16
mar. 2012
Entre la arena del desierto y la nieve de las montañas me cuesta encontrar el momento para continuar el pequeño resumen de lo que ha sido esta última campaña antártica. Pero en este país de paisajes infinitos y lugares desolados es fácil abstraerse y vagar con la mente hacía los espacios abiertos del continente antártico.
El espacio abierto, infinito e inacabable por excelencia dentro de la infraestructura antártica española es el refugio internacional Byers. Un pequeño campamento donde sus habitantes viven en tiendas de campaña y comen y se reúnen en pequeños iglús de diseño futurista construidos en fibra de vidrio. Un paisaje donde en un día claro puedes ver montañas de 2000 metros cubiertas de nieve, llanuras de musgos inacabables y un mar eterno donde sobresale el cráter de un volcán. Es este el cuarto año que permanezco en el campamento cuidando de su logística y de los científicos que acuden a estudiar las peculiaridades del paisaje. Cuatro tiendas amarillas sacudidas por el viento constante levantadas a cuatrocientos metros de la orilla. El viento se convierte en un compañero más y su presencia es constante y a veces agotadora. De todos los lugares donde técnicos y científicos españoles se mueven en los alrededores de la Península Antártica, es este el que permite una relación mayor y más salvaje con este entorno de naturaleza salvaje, despiadado pero puro e inmensamente bello. Una experiencia fuerte para el científico acostumbrado a pasar los días y las horas metido en un laboratorio y también para un guía de montaña curtido en mil batallas. Sólo llegar al campamento puede ser toda una aventura.
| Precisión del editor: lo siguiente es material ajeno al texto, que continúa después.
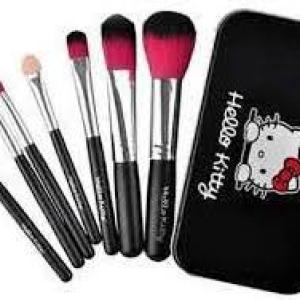 Professional 7 Piece Makeup Brush (Black) Pack of 1.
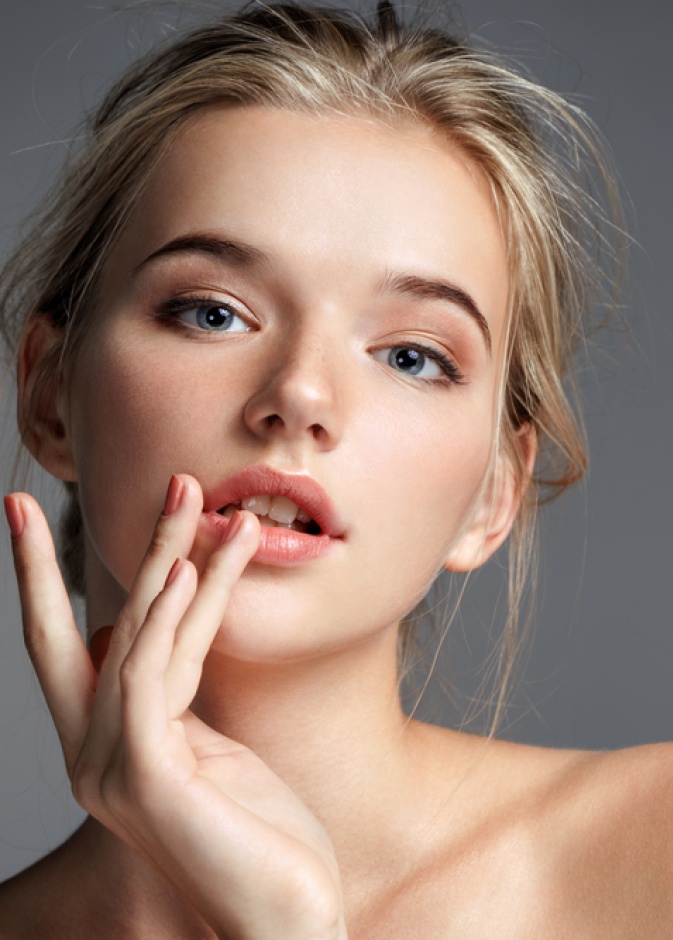 مرطب طبيعي للشفايف باستخدام زبدة الشيا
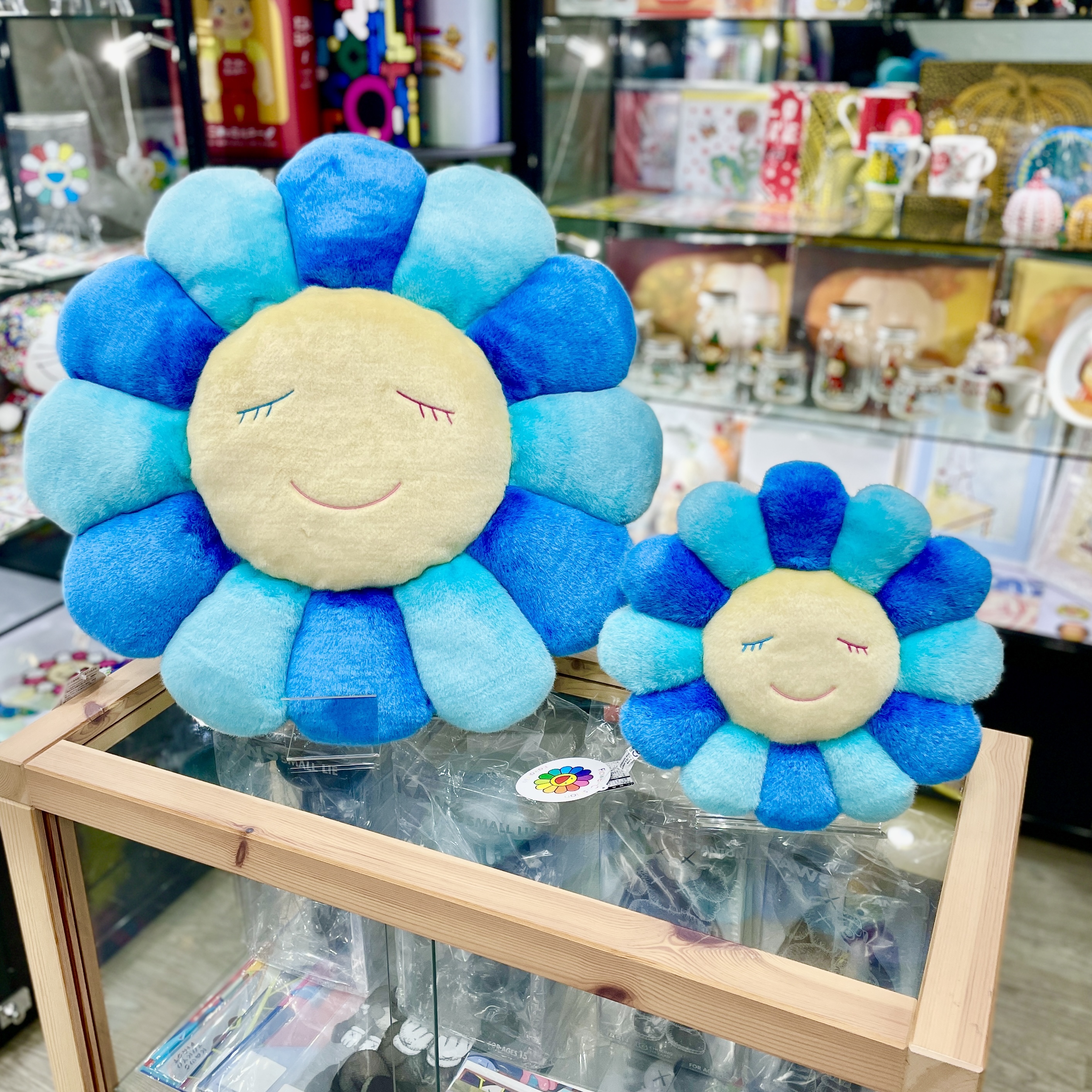 30cm / 60cm Takashi Murakami Flower Cushion (Blue & Light Blue)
Este año, el agua salada entraba en nuestra barca en cantidades ingentes mientras nos acercábamos a la orilla. Pasados unos minutos el agua nos llegaba por las rodillas y no sabíamos qué parte de la zódiac estaba dentro del agua y cuál fuera; entre nuestras piernas flotaban mochilas y objetos de todo tipo. Las orillas están plagadas de arrecifes y antes de alcanzar la costa el motor perdió una hélice dejándonos a la deriva dentro del Océano, sentados sobre la goma hundida en el agua y mirándonos con cara de póker unos a otros. Alcanzamos la arena donde reposan los elefantes marinos remolcados por una segunda barca. De esta manera la campaña en Byers comenzó: con nuestras cámaras de fotos echadas a perder así como algunos discos duros y la mayor parte de la ropa de algún científico. Desde la playa mirábamos nuestro barco levantar el fondeo y desaparecer entre la bruma con la promesa de volver a buscarnos en doce días.